This isn’t new. In fact, The Bear’s near-constant emotional availability is one of its hallmarks and, occasionally, a great strength. Think about Richie screaming, “I fucking love you,” at Carmy through a locked refrigerator door, or how frequently friends— especially male friends—have to loudly and explicitly affirm their friendship to each other, or the beaming smile on Tina’s (Liza Colón-Zayas) face when we see her finally find a home at Mikey’s Original Beef in last season’s flashback episode. People don’t yell at each other like this, they don’t crank the Taylor Swift that loud on the car stereo, if their hearts aren’t filled to bursting.

But this season, the show’s emotions feel pushy. One character in seemingly every conversation has a paradigm-shifting epiphany, tells or realizes a long-hidden truth. Carmy has decided to become open to those he loves by saying “I’m sorry” to all of them. It shouldn’t be enough, to simply say that, but, over and over, we see the proof that Carmy’s apology tour is working. Even with the hardest cases—with Claire, with Donna—the sorrys thaw the ice. Storer and Calo seem to think that they, too, can be absolved of their missteps with enough emotional effort.

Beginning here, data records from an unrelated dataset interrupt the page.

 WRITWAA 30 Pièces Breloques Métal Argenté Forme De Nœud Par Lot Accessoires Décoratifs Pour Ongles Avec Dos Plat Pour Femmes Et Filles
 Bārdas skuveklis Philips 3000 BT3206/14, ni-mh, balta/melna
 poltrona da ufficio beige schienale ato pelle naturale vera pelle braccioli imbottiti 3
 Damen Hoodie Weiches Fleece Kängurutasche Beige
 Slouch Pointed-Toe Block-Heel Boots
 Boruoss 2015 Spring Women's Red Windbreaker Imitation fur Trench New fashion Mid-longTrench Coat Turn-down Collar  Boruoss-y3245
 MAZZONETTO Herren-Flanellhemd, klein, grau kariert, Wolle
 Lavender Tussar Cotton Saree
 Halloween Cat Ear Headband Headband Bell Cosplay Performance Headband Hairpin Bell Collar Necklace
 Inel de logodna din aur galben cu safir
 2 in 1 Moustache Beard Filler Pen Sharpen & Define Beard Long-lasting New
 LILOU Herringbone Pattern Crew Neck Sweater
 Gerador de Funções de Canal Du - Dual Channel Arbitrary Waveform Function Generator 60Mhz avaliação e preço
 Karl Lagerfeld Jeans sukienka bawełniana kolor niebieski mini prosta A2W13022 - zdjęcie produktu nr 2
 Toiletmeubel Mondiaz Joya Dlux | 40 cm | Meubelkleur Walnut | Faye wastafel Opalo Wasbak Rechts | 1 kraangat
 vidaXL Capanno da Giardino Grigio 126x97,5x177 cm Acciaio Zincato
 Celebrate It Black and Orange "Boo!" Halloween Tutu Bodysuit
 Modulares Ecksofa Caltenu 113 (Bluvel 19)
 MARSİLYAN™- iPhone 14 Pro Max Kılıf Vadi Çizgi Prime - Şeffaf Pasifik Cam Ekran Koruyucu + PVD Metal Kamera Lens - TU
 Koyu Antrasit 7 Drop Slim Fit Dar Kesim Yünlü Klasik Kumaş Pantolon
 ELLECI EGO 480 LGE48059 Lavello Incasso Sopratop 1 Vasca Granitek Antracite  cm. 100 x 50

It’s striking to watch a show like this, that features a negative review as a key plot point, and never once feel that the critic is being villainized. In our era of the Tomatometer and hard lines between audience scores and critic scores, it’s rare to encounter a TV or film artist whose commentary on criticism isn’t about dismissal or resentment. This show is radically open to its own failure. Nobody in the show, nobody, even, who’s making the show, thrashes against this critique or condescends to it. They hear it, they cite it chapter and verse, they see themselves in it. And, in attending to that critique—that’s coming from inside the house!—this season recaptures something of what has been lost about this show. But The Bear doesn’t need to apologize, and, regardless, its apologies aren’t enough. The Bear needs to move forward, to gut-renovate, to reimagine itself boldly yet again. The finale teases us with the possibility that it just might do that. Sorry. Not sorry.